+++ Given entries

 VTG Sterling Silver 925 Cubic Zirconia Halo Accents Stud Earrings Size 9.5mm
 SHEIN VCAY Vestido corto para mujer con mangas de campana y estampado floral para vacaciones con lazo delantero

++++++
+++ Given entries

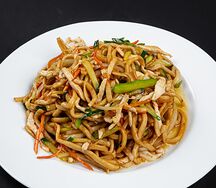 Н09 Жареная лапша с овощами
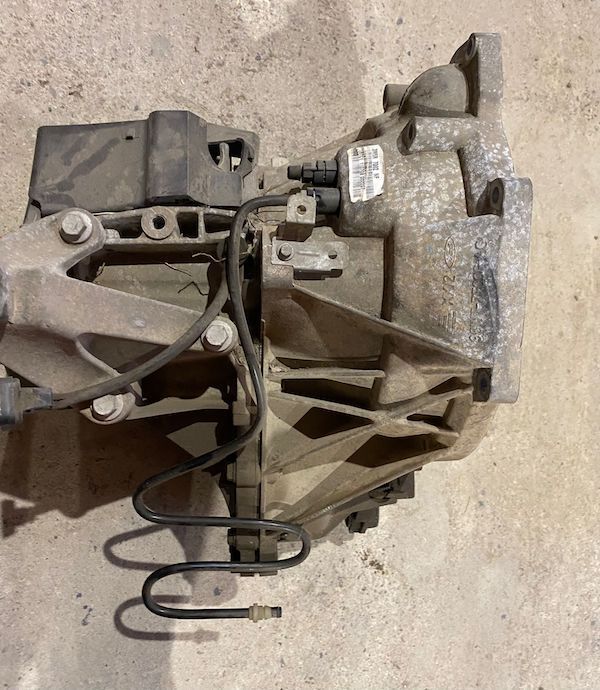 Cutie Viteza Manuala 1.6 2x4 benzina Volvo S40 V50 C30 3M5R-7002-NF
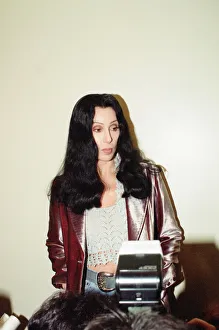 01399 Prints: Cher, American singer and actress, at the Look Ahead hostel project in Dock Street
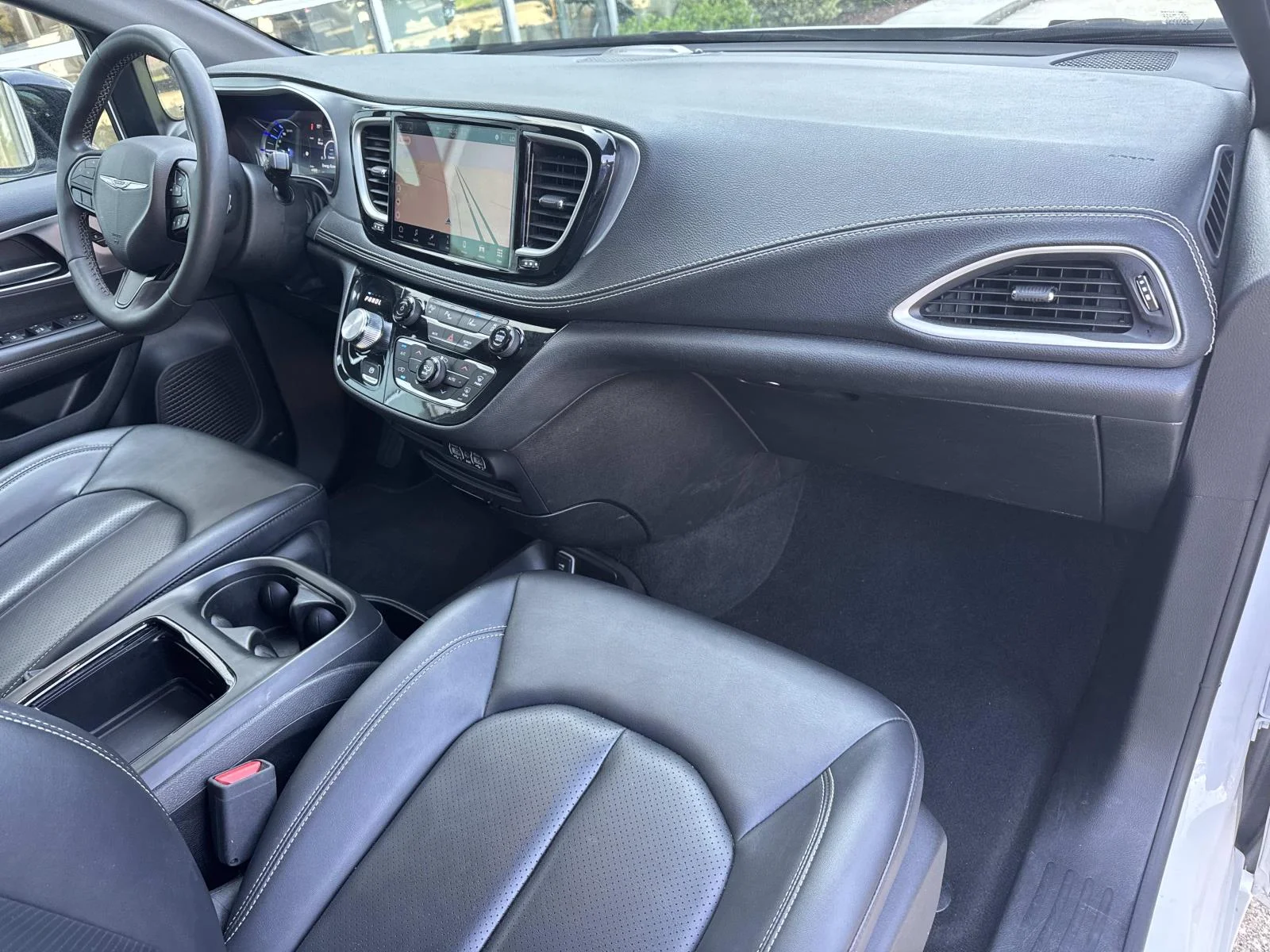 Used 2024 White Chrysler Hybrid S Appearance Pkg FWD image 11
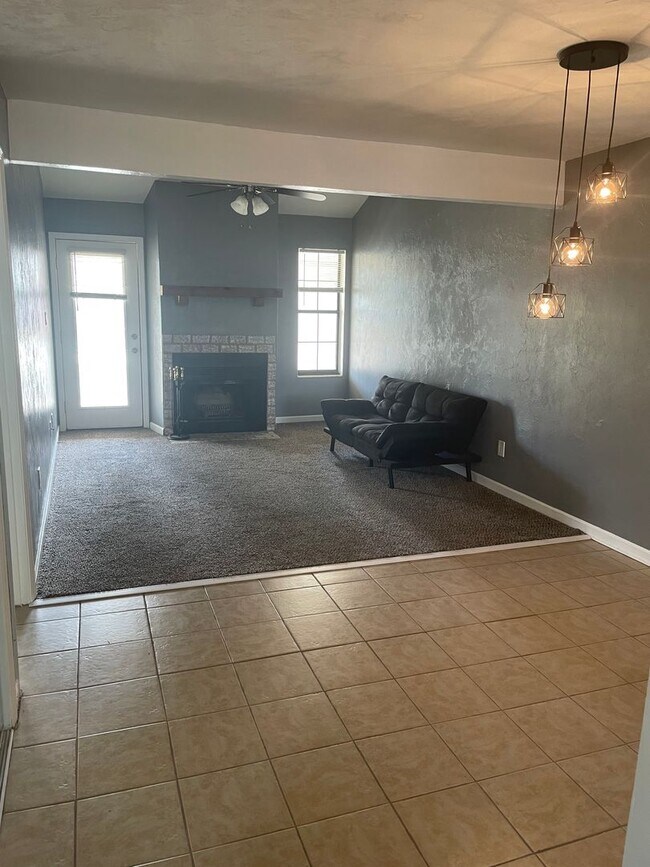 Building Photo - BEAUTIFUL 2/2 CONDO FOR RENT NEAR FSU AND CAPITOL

++++++
+++ Given entries

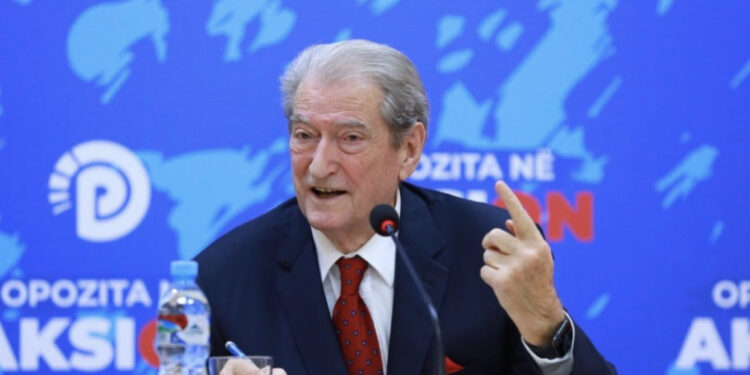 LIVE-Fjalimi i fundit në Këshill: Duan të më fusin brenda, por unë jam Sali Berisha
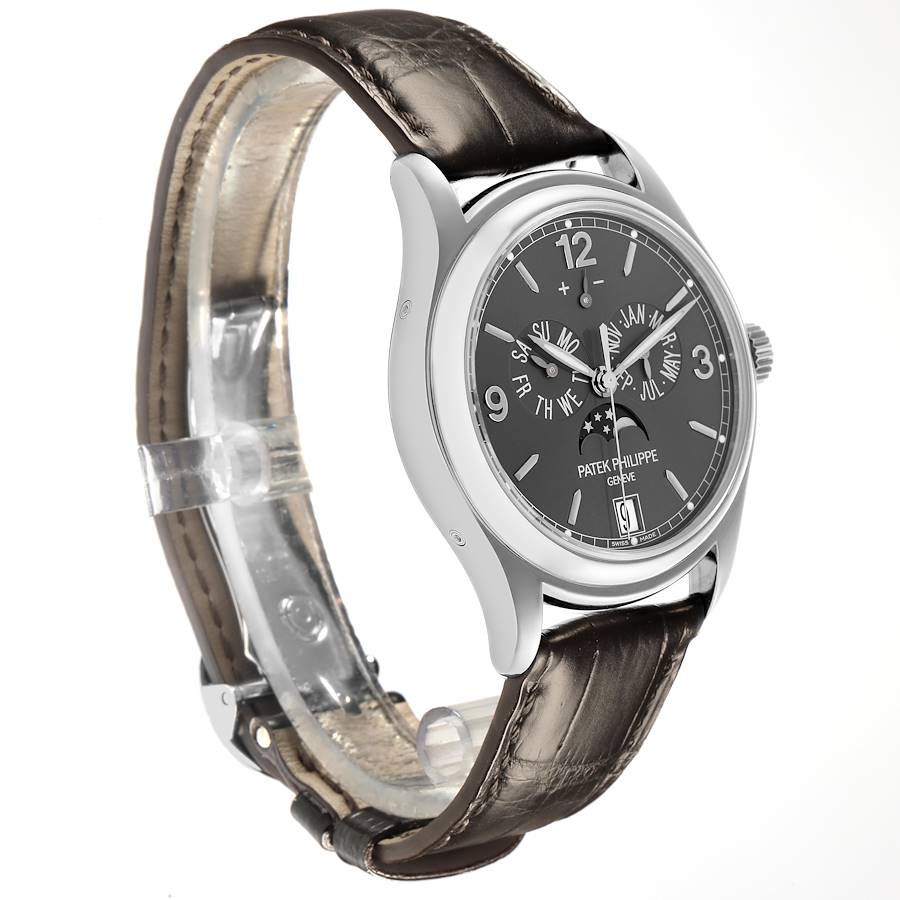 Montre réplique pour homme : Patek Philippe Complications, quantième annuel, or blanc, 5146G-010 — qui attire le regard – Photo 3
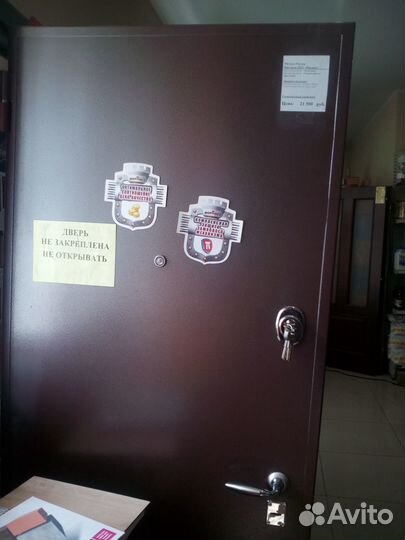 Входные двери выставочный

++++++

Nothing but the lines above from the line with "Montre réplique pour" up to and including the line with "Входные двери выставочный" should be returned, exactly as written and without pictures.

▸ **Answer space**
 Montre réplique pour homme : Patek Philippe Complications, quantième annuel, or blanc, 5146G-010 — qui attire le regard – Photo 3
 Входные двери выставочный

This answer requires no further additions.